Trump Drops Demand For Border Wall Funding As Congress Tries To Avoid Government Shutdown

With a government shutdown looming at the end of the week, the Administration has appeared to back away from a demand that a government funding bill include money allocated for the President's promised border wall.

Capitol Buidling Dayime2

The threat of a government shutdown seemed to become less likely yesterday as the Trump Administration appeared to step away from its demand that any funding bill Congress passes provide initial funding for President Trump’s border wall:

Three days before the deadline to avert a government shutdown, congressional leaders were negotiating a spending proposal on Tuesday that would supply no money for President Trump’s promised border wall with Mexico but would increase funding for White House priorities like the military and other types of border security.

Lawmakers in both parties expressed confidence that a deal could be reached before the lights go out, a prediction that seemed safer as Mr. Trump backed off his demand that the border wall receive funding in this measure.

“Hopefully we’ll reach an agreement sometime in the next couple of days,” said the Senate majority leader, Mitch McConnell, Republican of Kentucky, though he did not rule out a short-term extension to buy lawmakers more time for a final agreement.

Several obstacles remain, most notably the fate of payments to health insurers to lower deductibles and other costs for low-income consumers who buy plans through the Affordable Care Act marketplaces. Mr. Trump has threatened to withhold the subsidy payments, which are the subject of a lawsuit, as leverage in negotiations with Democrats, whose votes will be needed to pass any spending bill in the Senate.

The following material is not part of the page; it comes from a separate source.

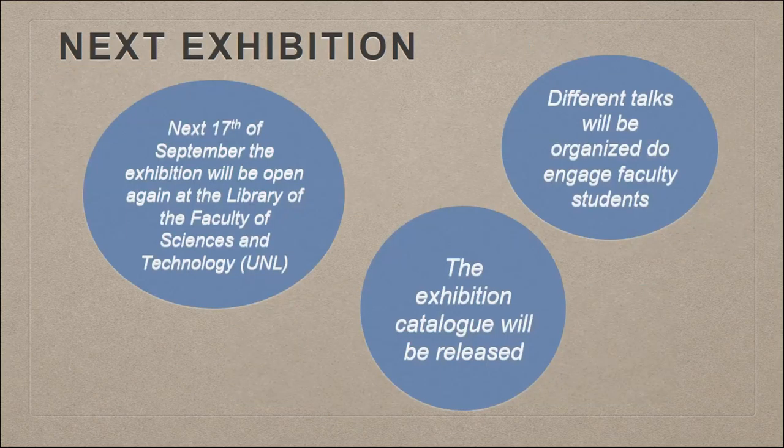We will have a next exhibition opening on the 17th of September — two weeks from now — in the library of our faculty. We will use this opportunity to release the catalogue of the exhibition, and we have also organized different talks to engage the faculty students, reaching a completely different public.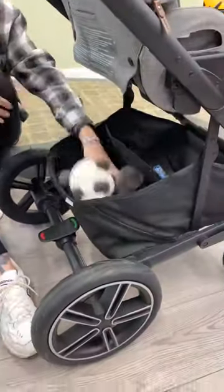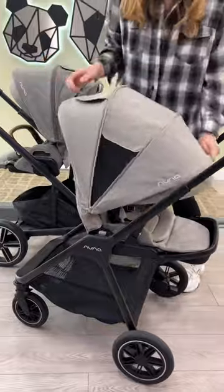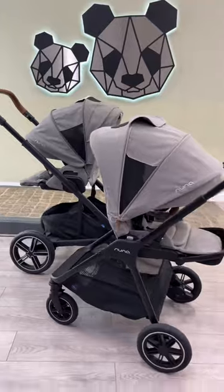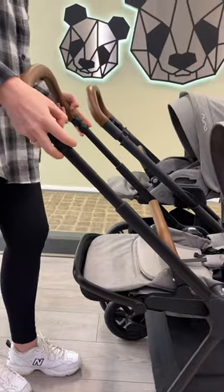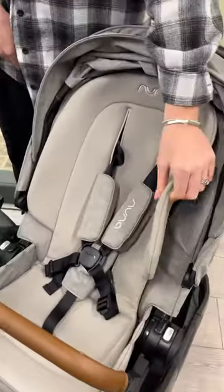Both have good storage baskets. Both posts extend and have ventilation windows, and a peek-a-boo window. Both handlebars extend as well. They both have plush seat liners with a mesh panel.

Democrats have now turned that threat on its head, insisting that the payments — which the administration has quietly continued to make — be guaranteed as part of any deal. “Six million people could lose their health care, which could become unaffordable,” said Senator Chuck Schumer of New York, the minority leader.

The House Democratic whip, Steny H. Hoyer of Maryland, said the payments were something Republicans “need to do for the American people, not as a ‘give’ to Democrats in negotiations.”

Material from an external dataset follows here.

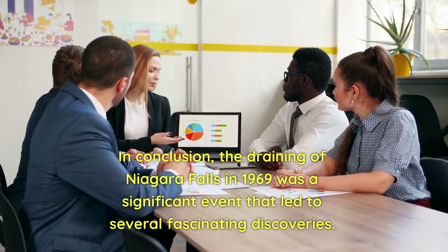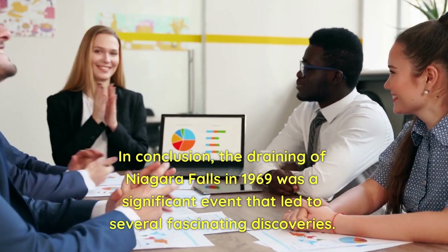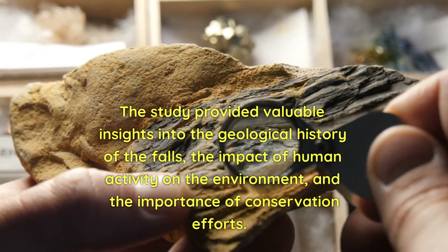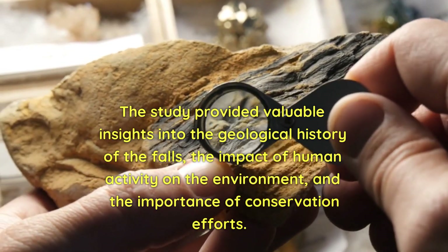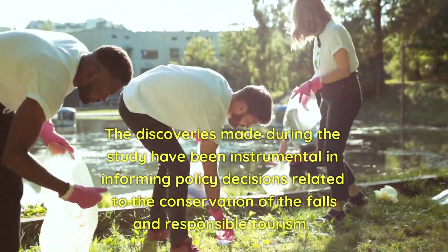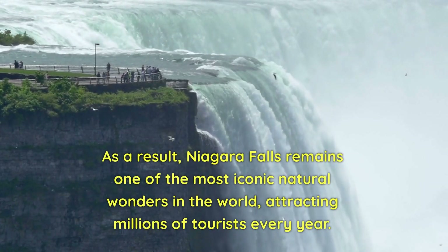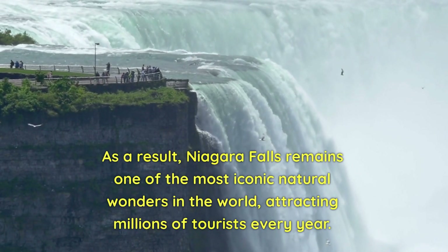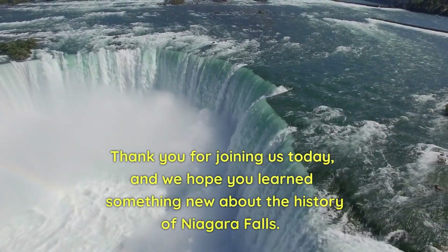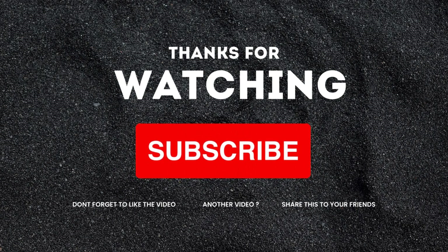In conclusion, the draining of Niagara Falls in 1969 was a significant event that led to several fascinating discoveries. The study provided valuable insights into the geological history of the falls, the impact of human activity on the environment, and the importance of conservation efforts. Niagara Falls remains one of the most iconic natural wonders in the world, attracting millions of tourists every year. Thank you for joining us today, and we hope you learned something new about the history of Niagara Falls. Don't forget to subscribe to our channel for more informative videos like this one.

Another central point in the negotiations is a dispute over health benefits for retired miners who may lose their coverage, an issue that led to a near shutdown last year. Senator Joe Manchin III of West Virginia and other Democrats want those benefits extended, and miners have been a big constituency for Mr. Trump. On Tuesday, Mr. McConnell said he supported “a permanent fix on miners’ health care.”

“It’s my hope that that will be included in the final package,” he said.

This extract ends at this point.